Sunday, July 20, 2014

A SPY story - part 2

Without the new gear I'd just purchased, I don't even know if Todd and David would have let me join the band.  But they were broke and equipment poor and I was ready and willing to contribute my gear if it would help me achieve my dream.

They'd been working together for some time and had written at least two original songs, one of which was Ministry 6.  Todd had been reading a novel about British spies and the CIA's English counterpart, the MI 6.  The concept thus inspired their first original song and gave them inspiration for a band name: SPY.

Eventually David Lee moved out from Todd's apartment got his own.  I showed up at his place with Todd one early afternoon, keyboards in tow.  I knocked on the door.  No answer.

We knocked again.  Then again.

Finally lanky Lee opens up, one eye squinted shut to to avoid the "morning" sun, his face twisted up like he was sucking on a lemon slice.  No words came from his mouth.  He just left the door ajar and stumbled back inside.

Todd and I came in and put our stuff on the couch.  From where we stood we could see Lee, over the counter top ledge that separated the living room from the kitchen, rummaging.  As was his habit he was wearing the same outfit he had on the night before, typically his work suit, crumpled from being slept in.

David loaded his pipe, lit it up, took a deep inhale and held it.  He slowly exhaled a few seconds later .  Then he repeated the process.

Finally he spoke.

"So," he said.  "I guess it's time to work on some music."

I took note of the CD cases strewn across the table, some open and laying on the floor.  I spotted a few  of my favorites, like Cabaret Voltaire's C.O.D.E. and Ministry's Twitch, which might have belonged to Todd.







David had several disks from the Waxtrax and Netwerk labels, including a few Skinny Puppy CDs.



We got down to the business of setting up our gear, connecting power sources and MIDI cables between the keyboards and sequencer.  David played a sound and said "sick, isn't it?"  He had an uncanny skill of squeezing ugly sounds out of pretty synthesizers.  He pushed a few buttons to change sounds, and found something that sounded a bit like the opening keyboard part from Van Halen's Jump.  He kept clicking on buttons, moving through the sound menus, assigning LFOs, changing waveforms, twisting knobs and altering settings until the patch sounded like the devil's vagina.
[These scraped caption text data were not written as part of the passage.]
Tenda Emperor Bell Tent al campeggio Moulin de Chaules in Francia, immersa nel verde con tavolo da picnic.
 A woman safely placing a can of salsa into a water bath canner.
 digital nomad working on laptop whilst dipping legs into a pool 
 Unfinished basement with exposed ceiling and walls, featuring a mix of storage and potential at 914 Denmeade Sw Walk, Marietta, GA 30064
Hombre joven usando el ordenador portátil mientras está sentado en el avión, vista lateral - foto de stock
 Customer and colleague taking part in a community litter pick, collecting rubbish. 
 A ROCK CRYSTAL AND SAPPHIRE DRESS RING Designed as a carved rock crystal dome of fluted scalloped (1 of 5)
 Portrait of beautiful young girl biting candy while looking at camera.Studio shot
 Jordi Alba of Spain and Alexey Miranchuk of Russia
The habit and trend in industrial music at the time was to source audio snippets from old movies, radio programs or from conversations recorded on the street.  These would overlay the music.

A radio preacher from an AM radio broadcast made it onto the SPY track Ressurection.

We were searching the dial for sounds during one session at David's when we took a break to listen to community radio station way down on the left end of the dial, KNON.

KNON was not new to us.  A guy named George had a pretty good show called Chicken Gristle that we would listen to on occasion.


I don't remember the name of the show that was on that afternoon, but the DJ said something that caught our attention.

He was talking about the ongoing fund drive, an event that anyone who has ever listened to public radio knows all about.  The DJ was looking for pledges, and talking about the great lengths he would go to get the listeners to call in.  This is what we heard.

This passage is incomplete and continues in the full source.